EXHIBIT 10.54
EXECUTIVE SEPARATION AGREEMENT
THIS EXECUTIVE SEPARATION AGREEMENT (the "Agreement") is entered into this
__ day of January, 1998, by and between Retix ("Company") and Xxxxx Xxxxxx
("Employee").
WHEREAS, the Company and Employee have mutually agreed to terminate the
employment relationship between them.
NOW, THEREFORE, IT IS AGREED as follows:
I. TERMS OF SEPARATION AND TRANSITION
1. Employee's resignation as Vice President of Finance and Administration
and Chief Financial Officer shall be deemed effective as of the close of
business on December 27, 1997 (the "Termination Date"). Employee's resignation
from any other positions with any other entity which may be deemed to be an
affiliate of the Company shall also be effective on the Termination Date, other
than with respect to Sonoma Systems and its subsidiaries, in which positions
Employee shall continue at the discretion of the Board of Directors of such
corporation.
2. In contemplation of the separation, the parties agree:
(a) In addition to all regular compensation owing to Employee through
the Termination Date, Employee shall be entitled to severance payments as
follows: (i) an amount equal to three months of Employee's base rate of
compensation as in effect immediately prior to the Termination Date shall be
paid as soon as practical following the Effective Date (as defined in Section
6(d) below) of this Agreement; (ii) an additional amount also equal to three
months of Employee's base rate of compensation as in effect immediately prior to
the Termination Date shall be paid on the next regular Company payroll date
occurring on or after March 31, 1998; (iii) a further payment of $70,000 payable
on the execution of this Agrement by both parties; and (iv) a final severance
payment of $30,000 payable on July 1, 1998.

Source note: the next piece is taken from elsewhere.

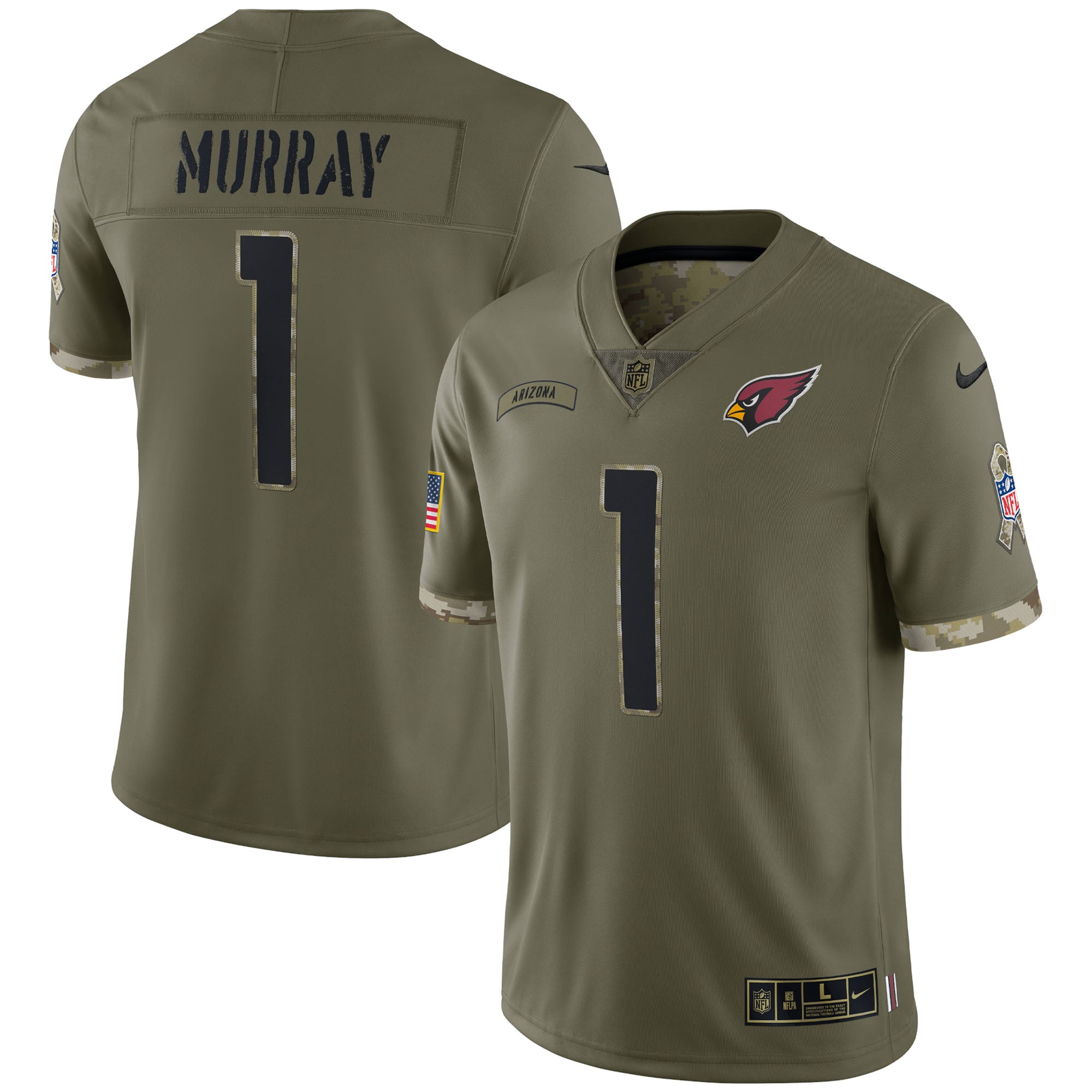 Kyler Murray Arizona Cardinals Nike 2022 Salute To Service Limited Jersey   Olive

(b) The vesting of all options to purchase shares of Common Stock of
the Company previously issued and outstanding under the Company's 1988 Stock
Option Plan to Employee shall be accelerated in full with the effect that
Employee shall be entitled to exercise all such options, or in the event they
have been previously exercised, to have the underlying shares of Common Stock
issued upon exercise of such options released from any rights of repurchase in
favor of the Company.
(c) All notes previously provided by Employee to the Company in
connection with such exercises shall become due and payable in full on December
31, 1998 (the "Repayment Date") If Employee requests the release of any shares
of the Company's Common Stock held as security for the payment of such notes by
Employee in connection with the
proposed sale or other disposition of such shares by Employee, Employee agrees
to repay at least that percentage of the then outstanding principal owed under
all such notes as is equal to the percentage of shares then held by the Company
as security as a condition to the release of such shares.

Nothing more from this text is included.